→ Assignment: A faithful copy of every record is needed here. Images must not appear in it.

### Supplied entries

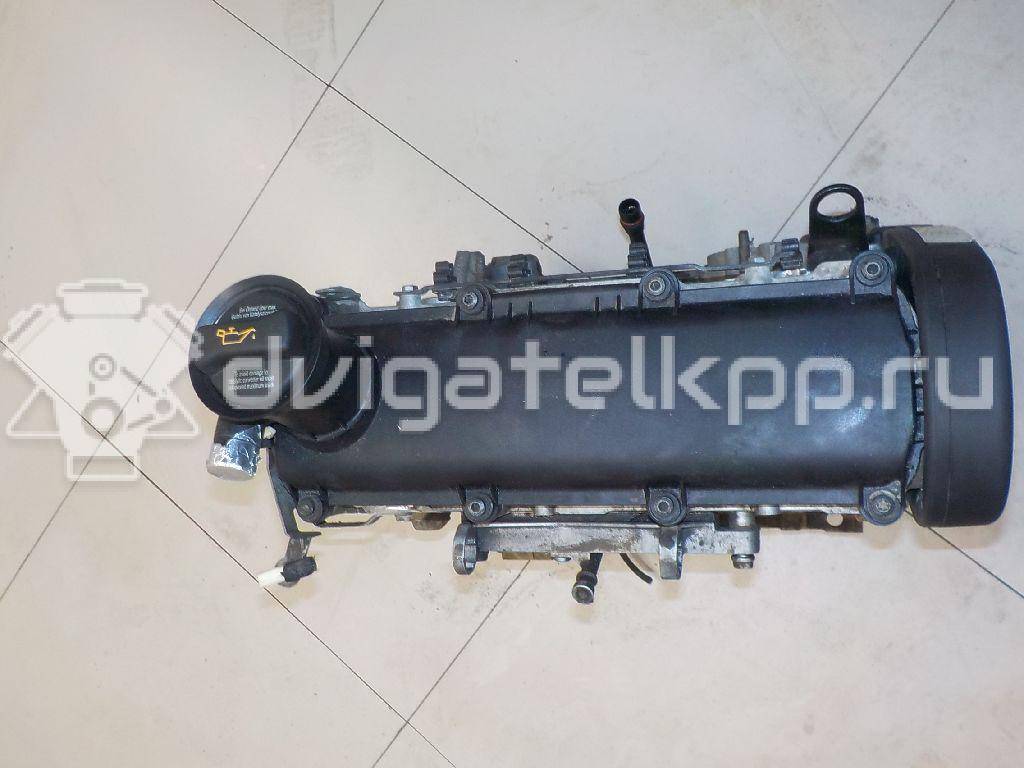 Фото Контрактный (б/у) двигатель BSE для Audi / Seat 102 л.с 8V 1.6 л бензин 06A100043P {forloop.counter}}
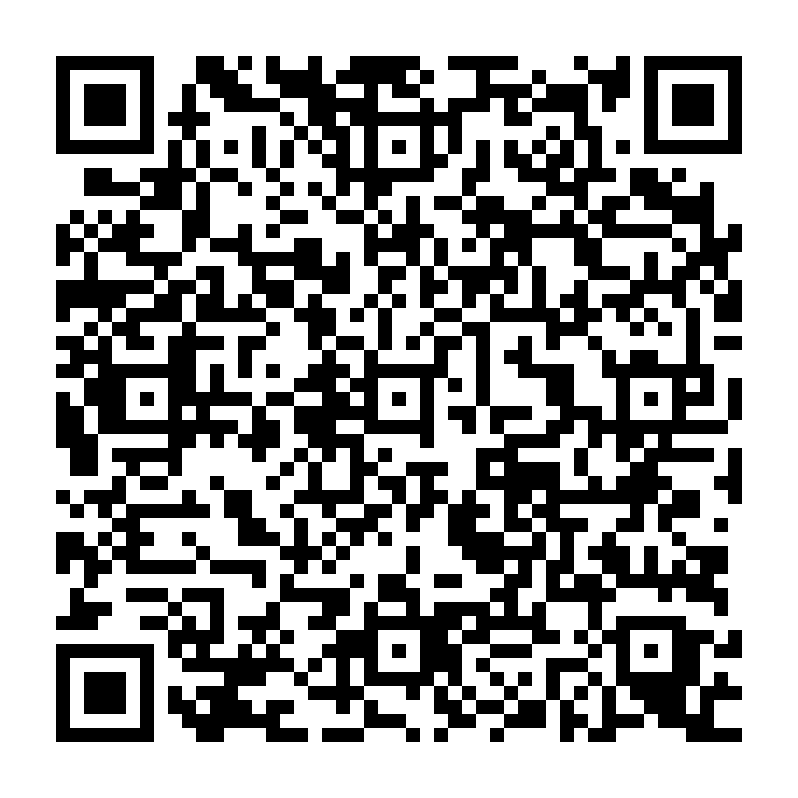 QR Kodu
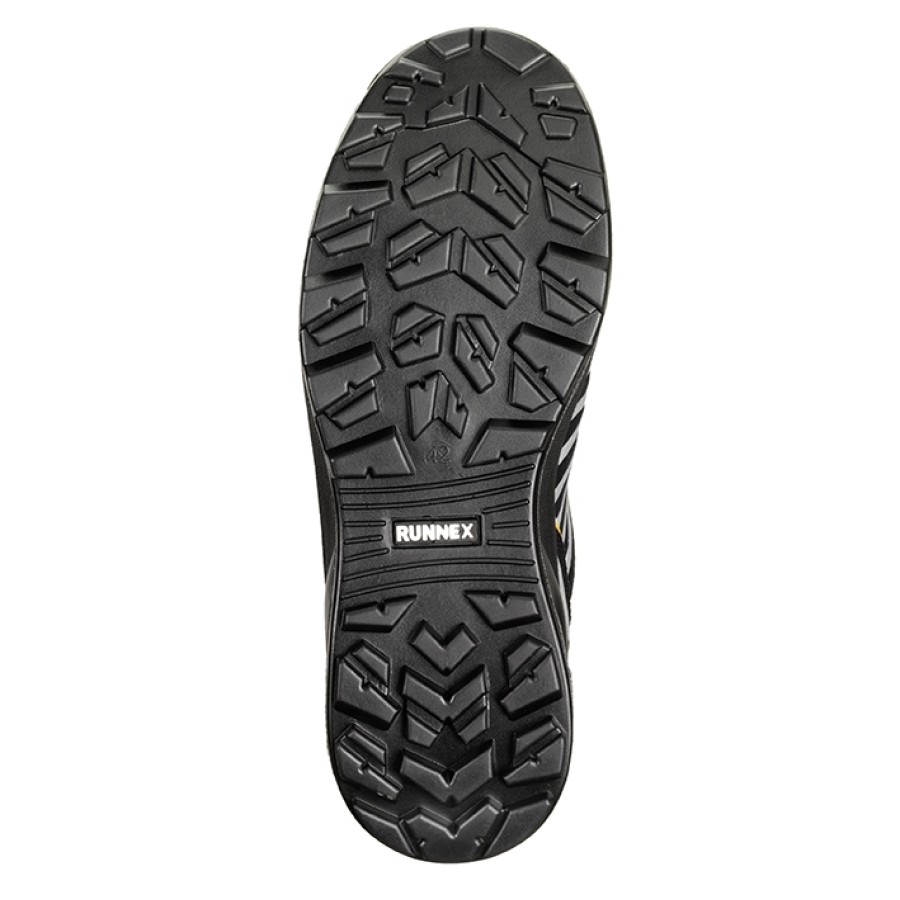 TeamStar S2-Sicherheitshalbschuhe – Bild 5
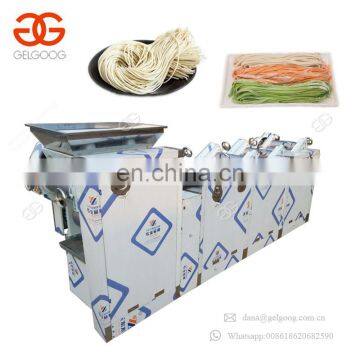 Factory Price Fresh Vermicelli Making Machine Spaghetti Processing Machinery Automatic Noodle Maker For Home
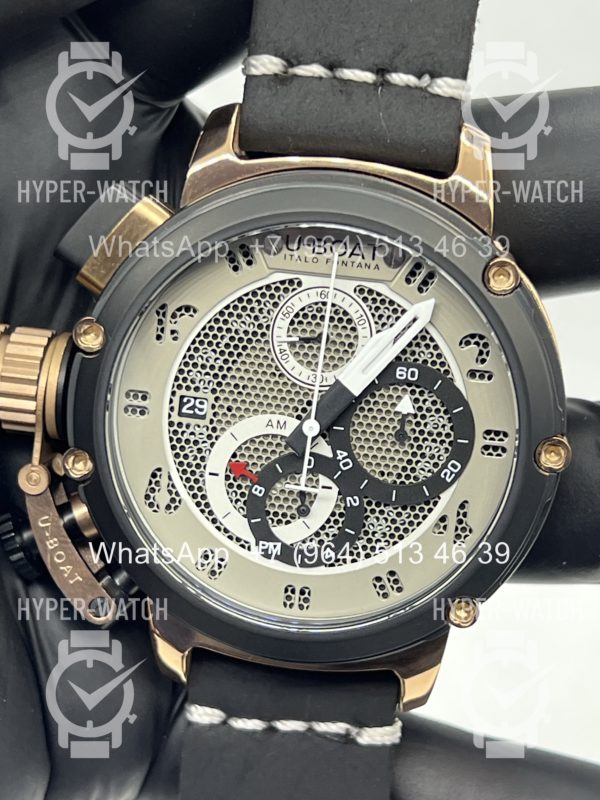 Фото 7 - U-boat Chimera 46mm Art 11646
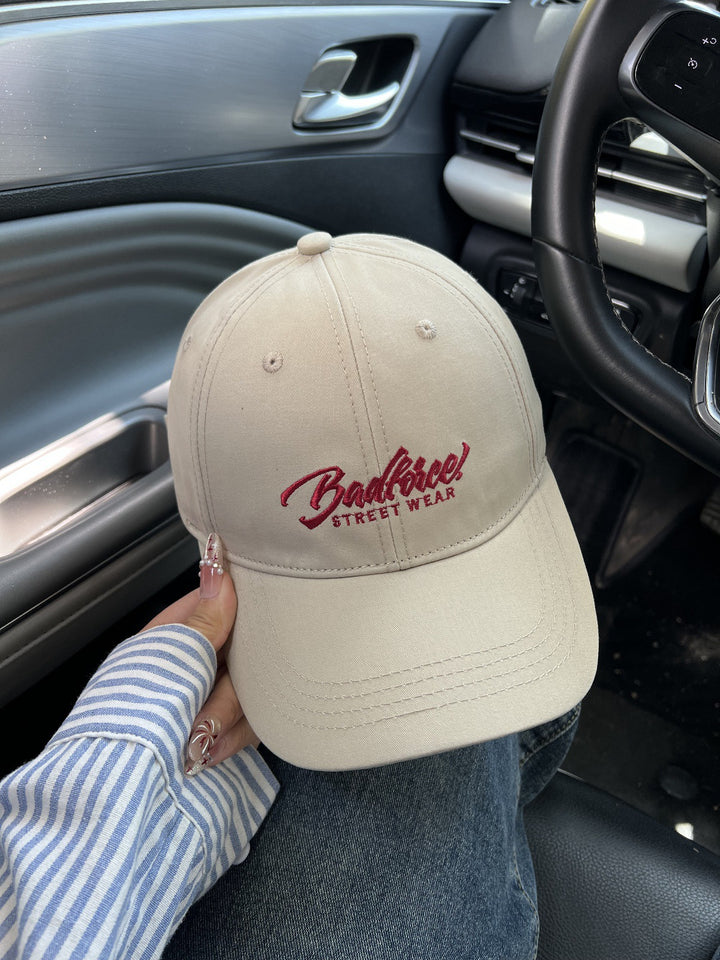 Men's Casual Streetwear Cap Stornfield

######

→ Response:
 Фото Контрактный (б/у) двигатель BSE для Audi / Seat 102 л.с 8V 1.6 л бензин 06A100043P {forloop.counter}}
 QR Kodu
 TeamStar S2-Sicherheitshalbschuhe – Bild 5
 Factory Price Fresh Vermicelli Making Machine Spaghetti Processing Machinery Automatic Noodle Maker For Home
 Фото 7 - U-boat Chimera 46mm Art 11646
 Men's Casual Streetwear Cap Stornfield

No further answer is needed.